• REQUIRED WORK: Under this line are records; the part from the line containing "Wheels and Tire" through the line containing "Чохол для смартфона" should be repeated exactly. Please exclude pictures.

*** Opening of DATA FOR THIS EXERCISE ***

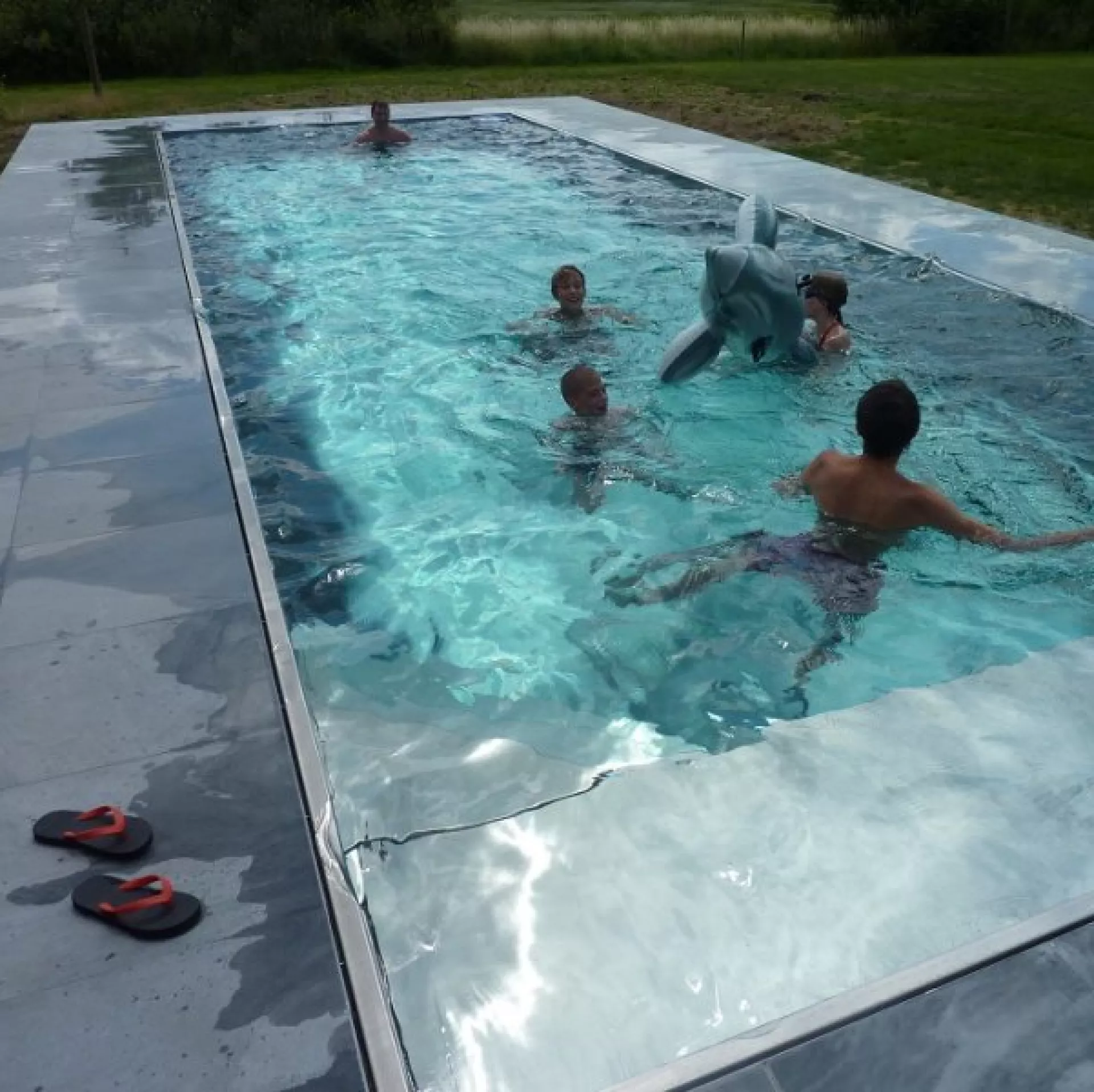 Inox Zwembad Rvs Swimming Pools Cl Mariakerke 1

*** Close of DATA FOR THIS EXERCISE ***
*** Opening of DATA FOR THIS EXERCISE ***

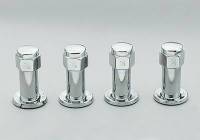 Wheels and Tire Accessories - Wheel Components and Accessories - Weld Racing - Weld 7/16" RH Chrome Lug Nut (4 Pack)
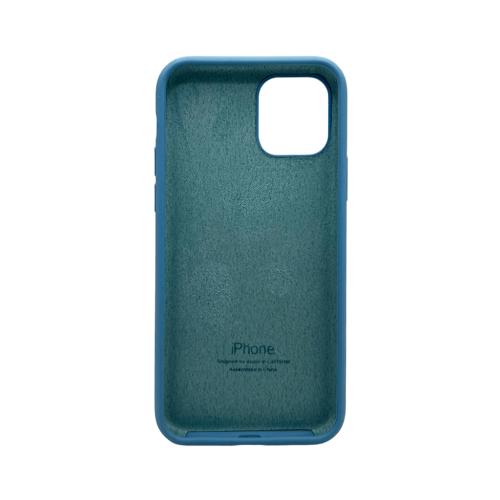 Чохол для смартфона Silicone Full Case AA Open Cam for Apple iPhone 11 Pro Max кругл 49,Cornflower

*** Close of DATA FOR THIS EXERCISE ***

• ANSWER AREA:
 Wheels and Tire Accessories - Wheel Components and Accessories - Weld Racing - Weld 7/16" RH Chrome Lug Nut (4 Pack)
 Чохол для смартфона Silicone Full Case AA Open Cam for Apple iPhone 11 Pro Max кругл 49,Cornflower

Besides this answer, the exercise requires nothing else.